Neither the Constitution nor any other document gives senators the right of unlimited debate. But it became a Senate tradition early on, and only in the last century have efforts been made to curb it.
The way Southern senators used the rules to block civil rights proposals ultimately stirred enough popular outrage that Senate leaders could muster the required super-majorities to bring those measures to a vote.
Republicans claim that filibusters against judicial nominees are something new. Some constitutional historians dispute that. But the tactic was admittedly not used as much in the past -- though, in 1968, Republicans and conservative Democrats used it to kill President Lyndon Johnson's effort to make Abe Fortas chief justice.
But the more recent escalation of the practice simply reflects the escalation in battles over judicial nominations in the last 20 years.
During the Clinton years, Republicans rarely filibustered nominees because they didn't have to. They controlled the Senate after 1994, which meant they could and did kill several dozen judicial nominations in committee.

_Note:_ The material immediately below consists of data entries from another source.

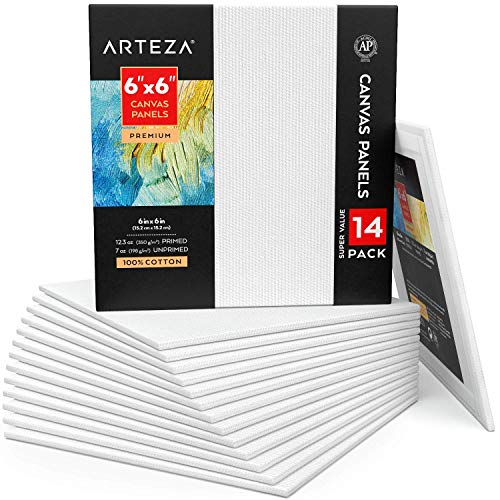 ARTEZA Canvas Panels for Painting, 14 x 6 x 6 Inches, 100% Cotton, Gesso-Primed, Lightweight, Nontoxic, Acid-Free, for Adults and Teens, Oil and Acrylic Painting, Pack of 14 - size: 6 x 6 (Pack of 14)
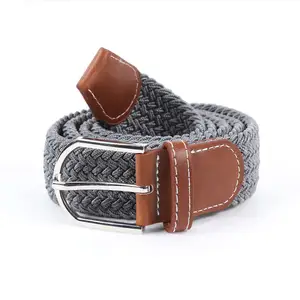 Factory Custom Logo Men's Black Adjustable Braided Stretch Leather End Tip Elastic Stretch Belt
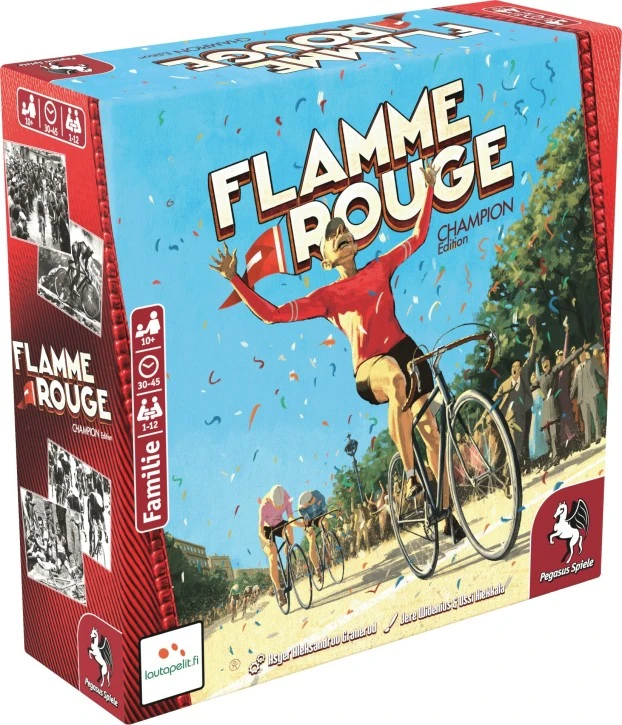 Flamme Rouge Brettspiel mit Radrennfahrerfiguren, Streckenplättchen, Rennkarten, Wetterplättchen und Landschaftselementen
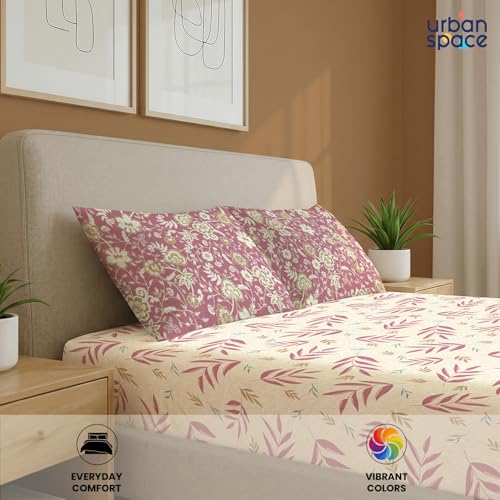 Image of Urban Space Divine 100% Cotton King Fitted Size Bedsheet, 144 TC Super Soft Elastic bedsheets for King Size Bed, Floral Design King bedsheet with 2 Pillow Covers (72 inch x 78 inch, Raina Mauve)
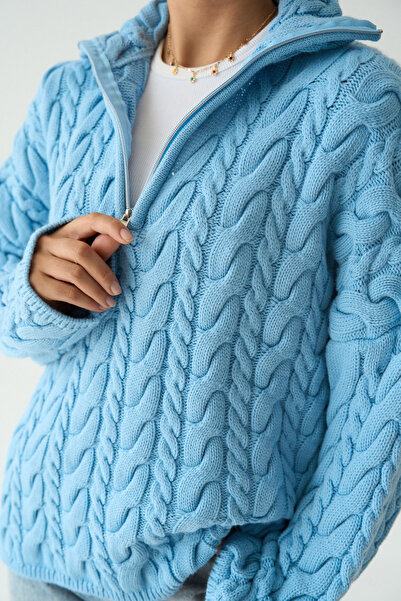 LOOSH Kadın Mavi Yakası Fermuarlı Örgü Desen Oversize Kazak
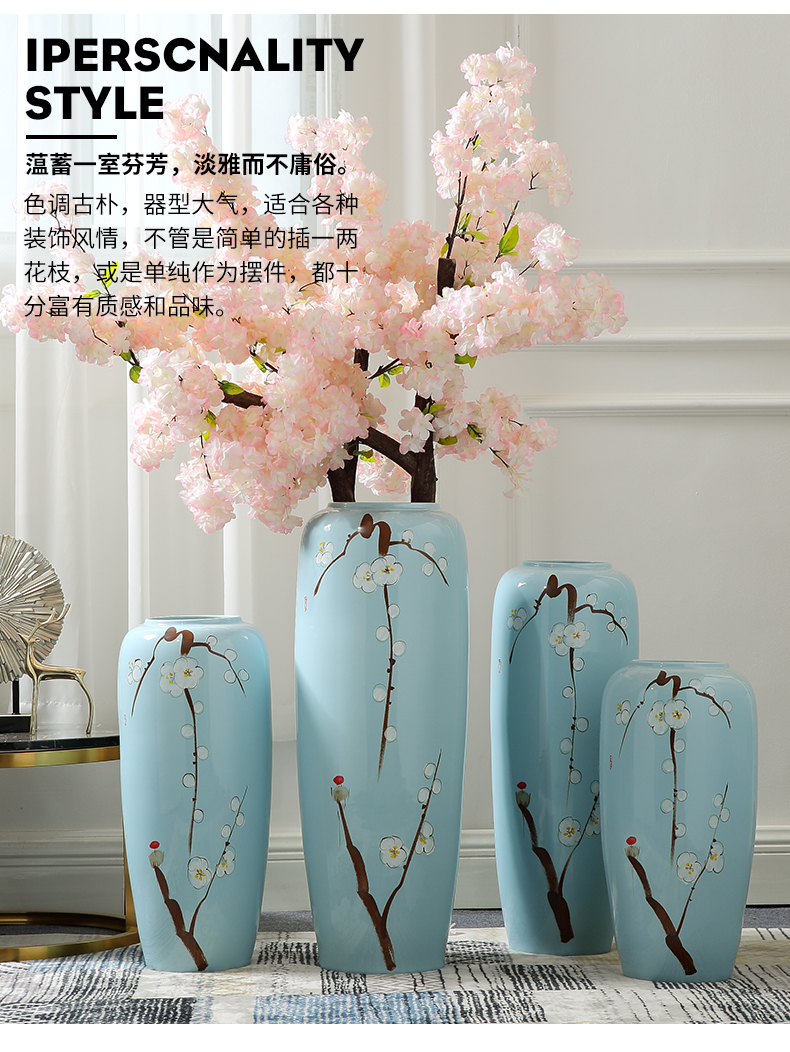 Jingdezhen ceramic Chinese landing big simulation flower vase large sitting room sets flower arranging hotel decoration furnishing articles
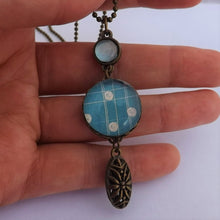 Load image into Gallery viewer, Blue Handmade Double Sided Dome Pendant Necklace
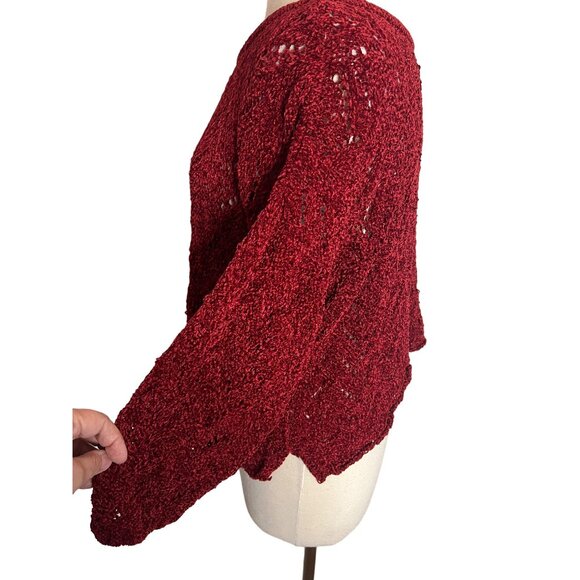 Knit Ware Elements Sweater Red Detail Knit Oversized USA Goth Chic SMALL - Picture 3 of 11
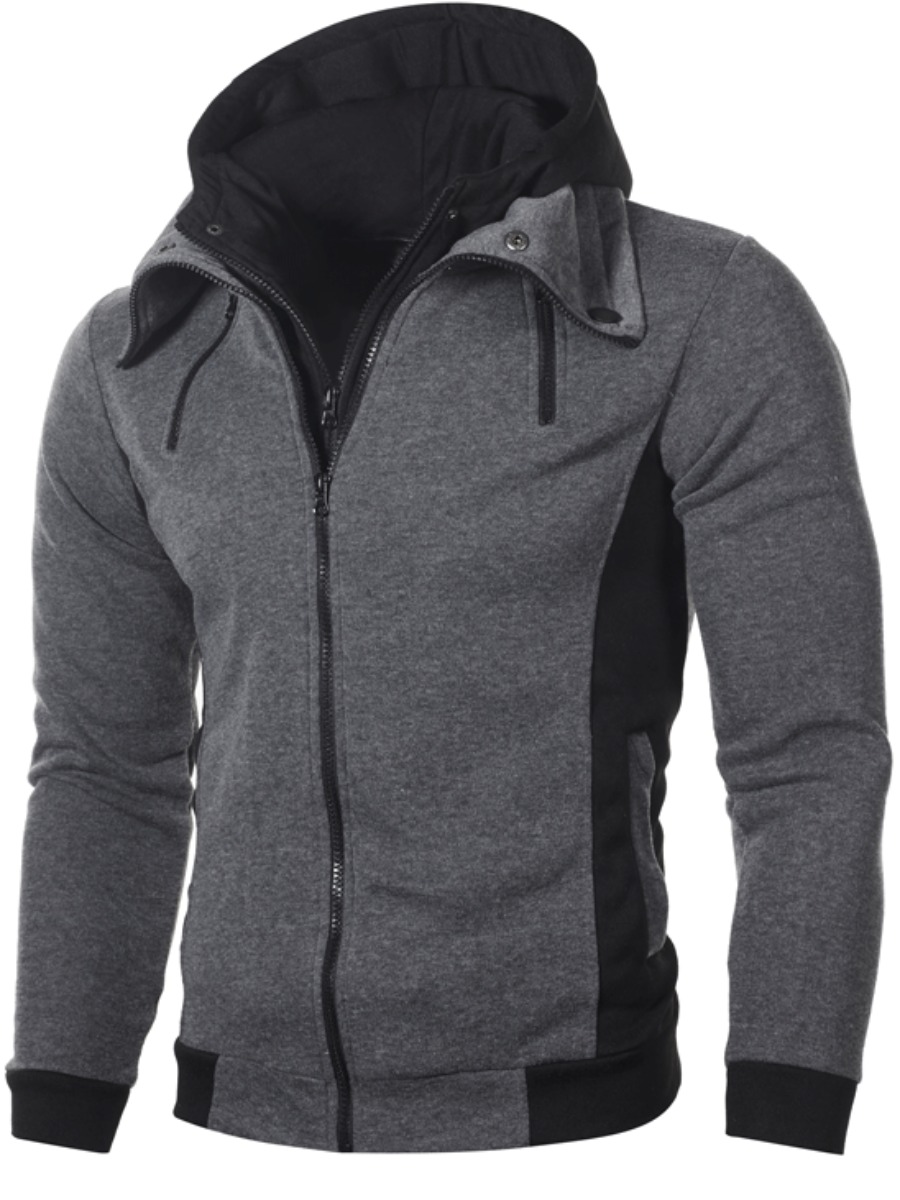 

LW COTTON Men Hooded Collar Zip Up Pocket Pants Set, Dark grey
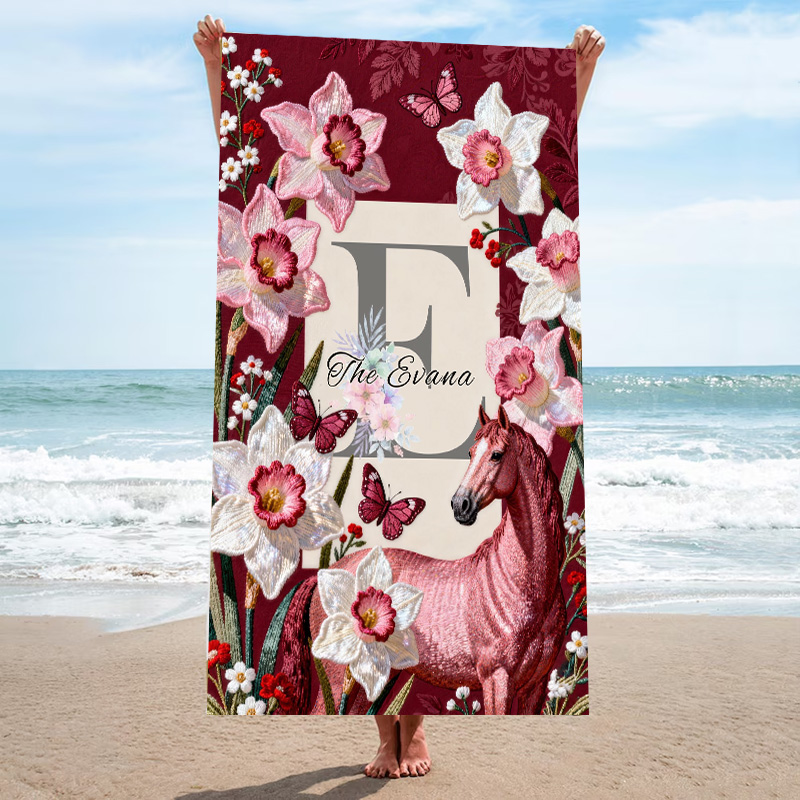 Personalized Monogram Equestrian Floral Horse Quick-Dry Microfiber Beach Towel Beach Party Birthday Gift for Equestrian Lovers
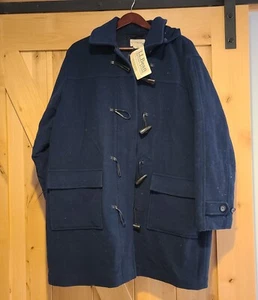 New! LL Bean Womens L Blue Wool Blend Coat Toggle Hood Duffel Ork53 Quilt Lined - Picture 1 of 20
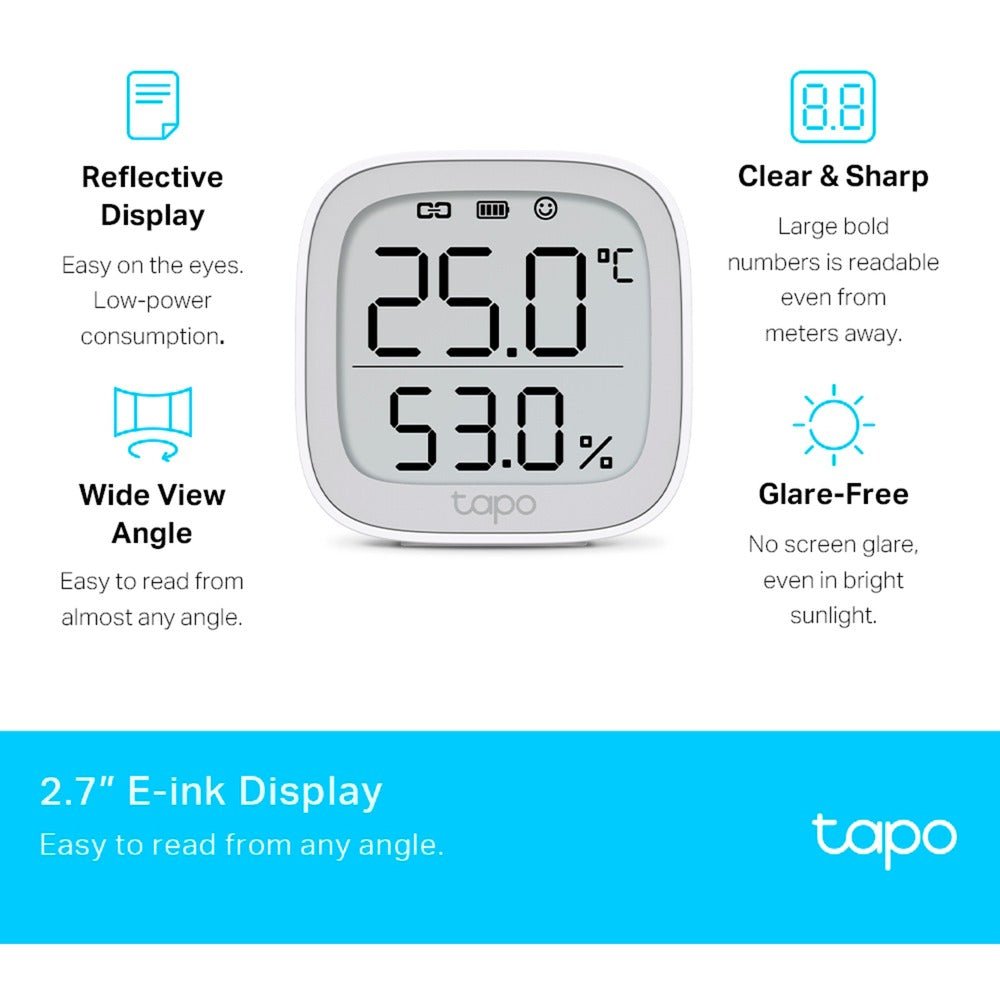 Tp-link tapo t315 smart temperatur- og fugtighedsovervågningssensor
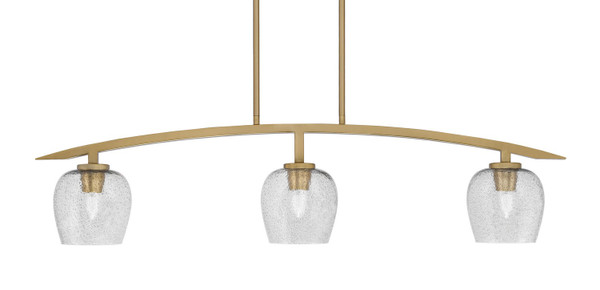 Toltec Lighting - 3736-NAB-4812 - Three Light Island Pendant - Kurve - New Age Brass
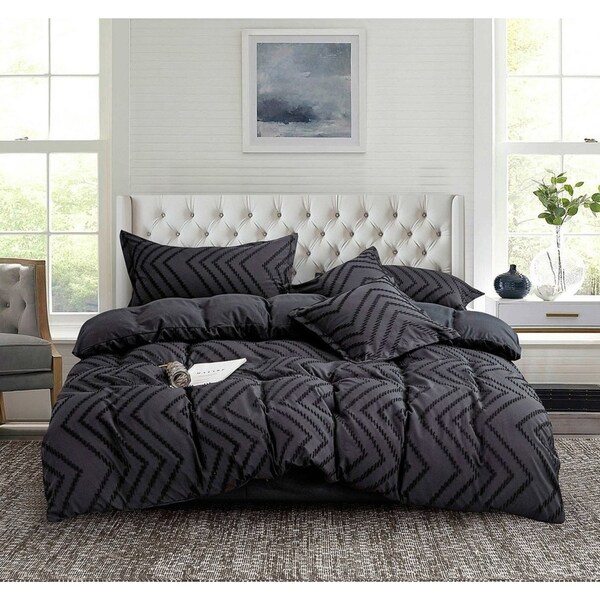 Tufted Boho Wave Jacquard King Size Bed Quilt/Doona/Duvet Cover Set - Black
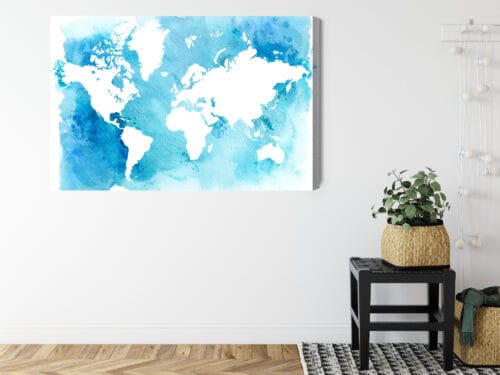 Obraz na płótnie Mapa świata Akwarela niebieska  Premium Canvas - obrazek 8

Democrats employed the same tactic when they gained control in 2001-02. When they lost it, they used the filibuster threat to block 10 Bush nominees they accuse of "radical" views. Republicans say it's a litmus test aimed at abortion foes.
Democratic compromise
Both sides claim the votes to prevail, but neither seems sure. In recent days, some Democrats have said they are open to a compromise, under which some of the judges would be approved and the proposed rules change dropped.
Though polls show the public opposes the change, Frist is under pressure from religious conservatives, whose support he'll need for a 2008 presidential bid, to ensure that more conservative judges can be approved.
It might help if Bush recognized why the Constitution's framers wrote that the president can only appoint judges "by and with the advice and consent of the Senate."
X Carl P. Leubsdorf is Washington bureau chief of the Dallas Morning News. Distributed by Knight Ridder/Tribune Information Services.